═════ Available data ═════

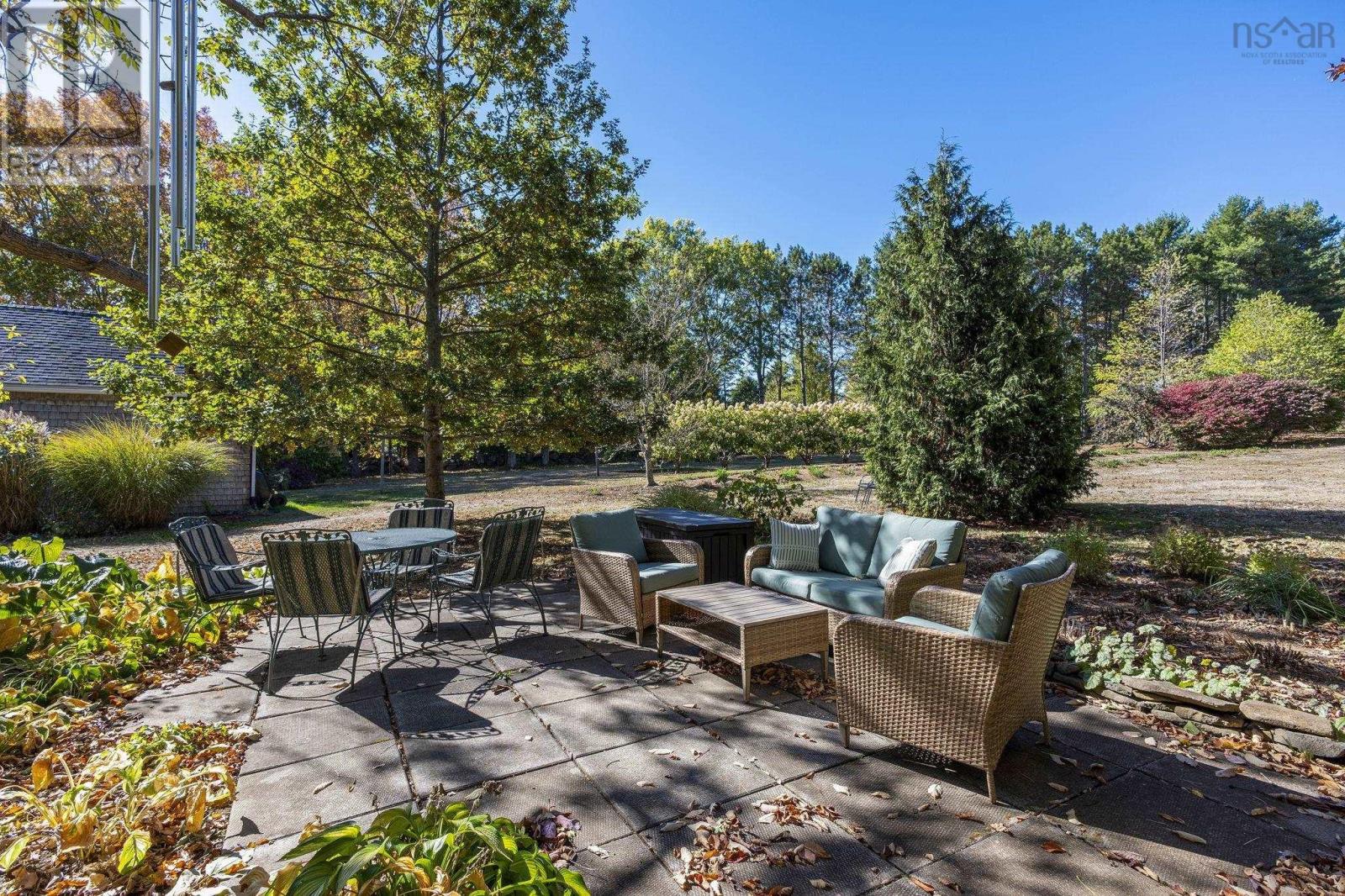 Property 4 of 38 of 5315 Granville Road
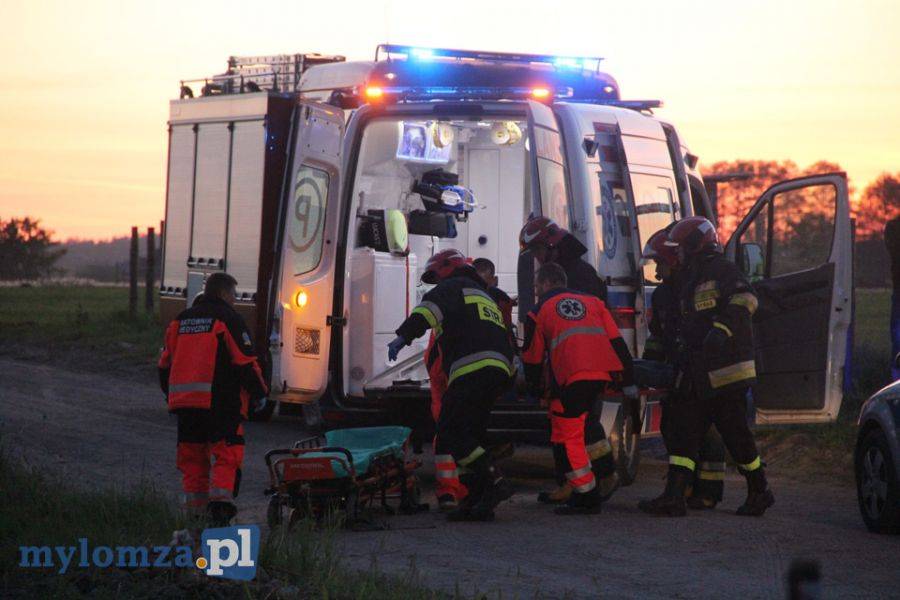 Trzy młode osoby w szpitalu po wypadku w Konarzycach [FOTO]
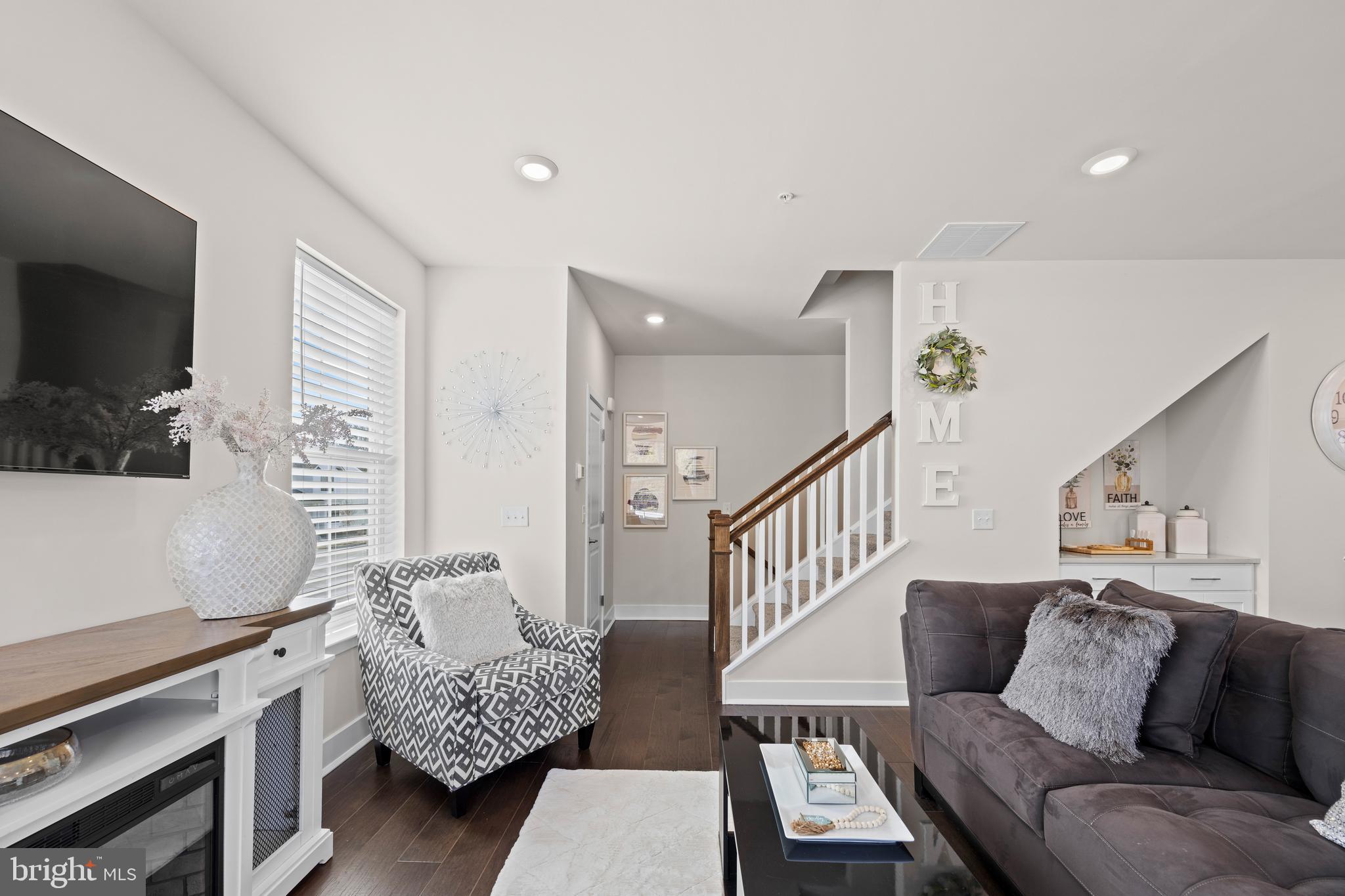 LANTERN RIDGE - Residential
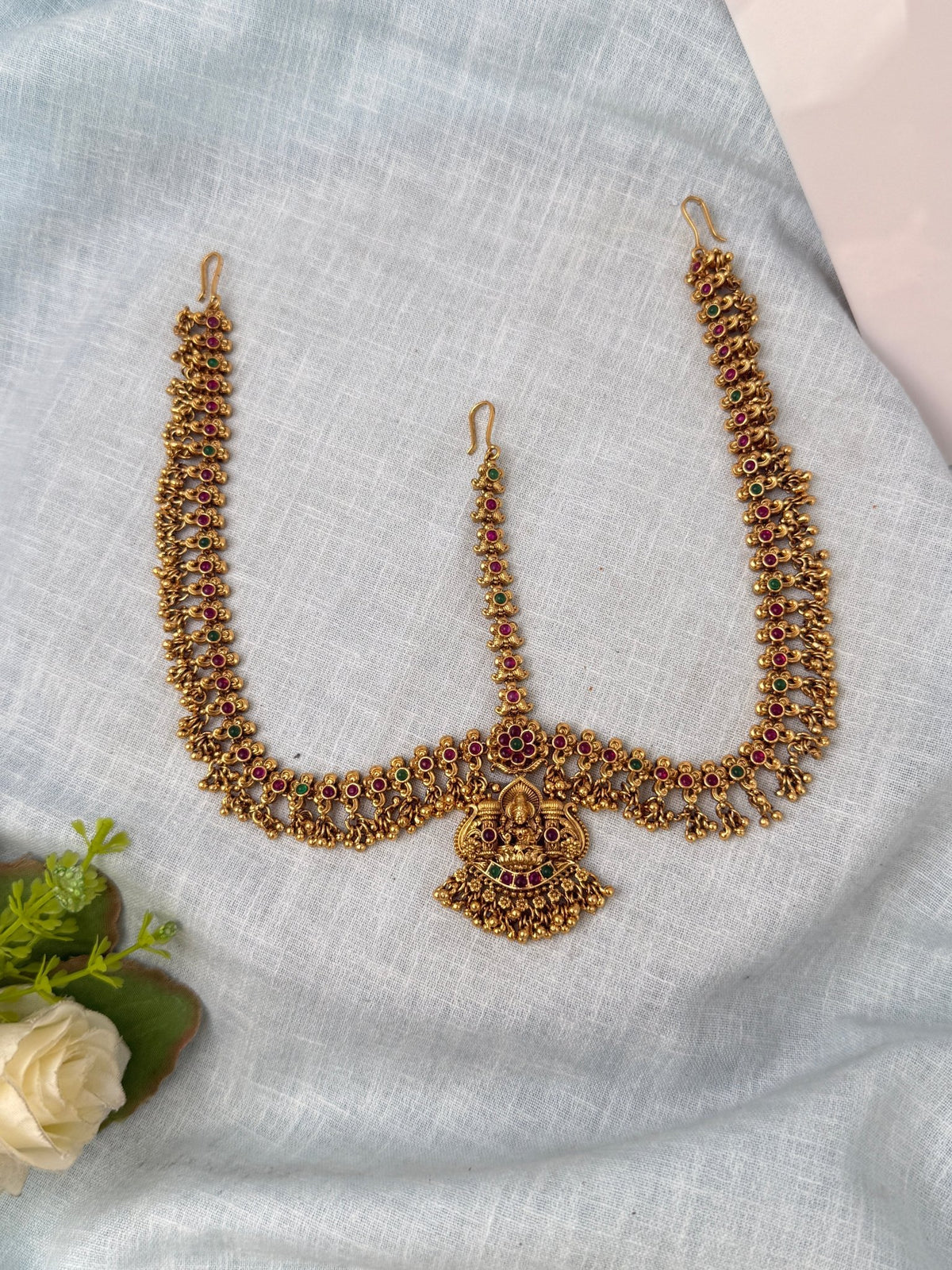 Antique Royal Maang Tikka Set| M0941 - Mahilas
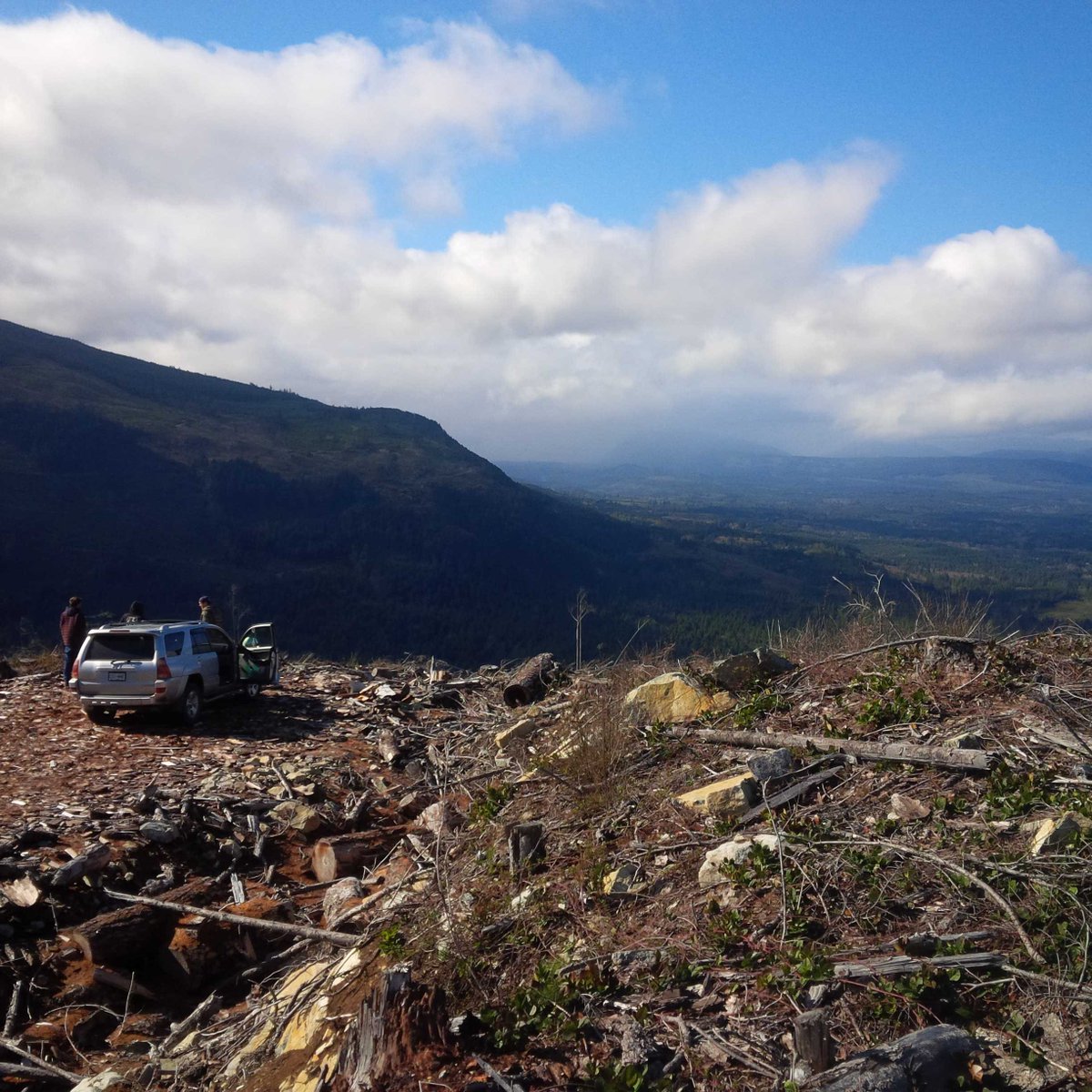 nick9wade's tweet photo. The edge of the world. @JeremyClarkson @BBC_TopGear you missed #vancouverisland #4runner doing what it should. http://t.co/eWVpOH5EU4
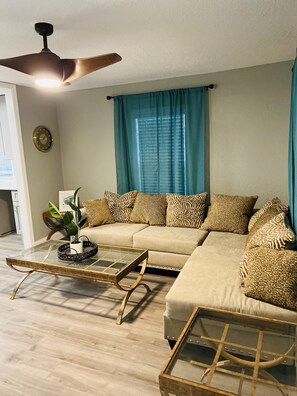 Smart TV - 3bdrm fruit tree home near downtown Orlando (Orlando)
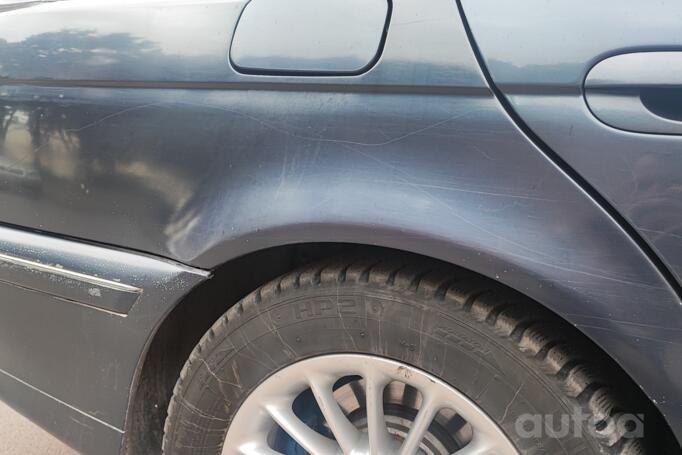 BMW 5 Series E39 Touring wagon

═════

Problem details
Word-for-word copy, no pictures: write out the entries above in full.

Solution for this exercise
 Property 4 of 38 of 5315 Granville Road
 Trzy młode osoby w szpitalu po wypadku w Konarzycach [FOTO]
 LANTERN RIDGE - Residential
 Antique Royal Maang Tikka Set| M0941 - Mahilas
 nick9wade's tweet photo. The edge of the world. @JeremyClarkson @BBC_TopGear you missed #vancouverisland #4runner doing what it should. http://t.co/eWVpOH5EU4
 Smart TV - 3bdrm fruit tree home near downtown Orlando (Orlando)
 BMW 5 Series E39 Touring wagon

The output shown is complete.